ACTION ITEM: Copy out the entries below exactly as they stand, but only from the line containing "Sonata H Кафе" through the line containing "Hugo Boss Grandmaster".

AVAILABLE DATA:
***
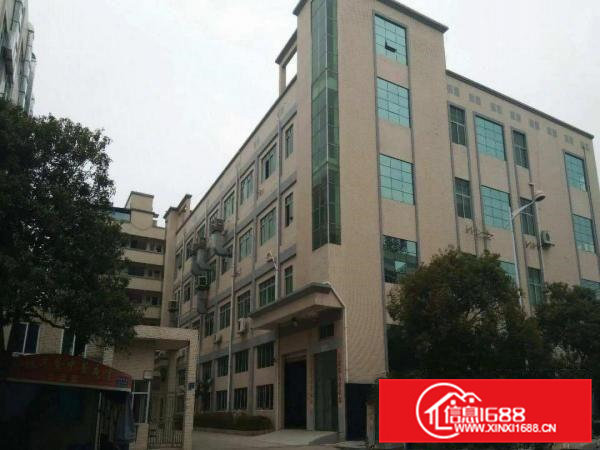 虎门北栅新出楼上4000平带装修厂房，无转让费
***
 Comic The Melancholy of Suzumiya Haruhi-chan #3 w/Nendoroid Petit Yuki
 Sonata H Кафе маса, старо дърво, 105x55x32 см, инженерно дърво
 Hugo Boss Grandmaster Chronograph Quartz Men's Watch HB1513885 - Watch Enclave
***
YOUR SOLUTION:
 Sonata H Кафе маса, старо дърво, 105x55x32 см, инженерно дърво
 Hugo Boss Grandmaster Chronograph Quartz Men's Watch HB1513885 - Watch Enclave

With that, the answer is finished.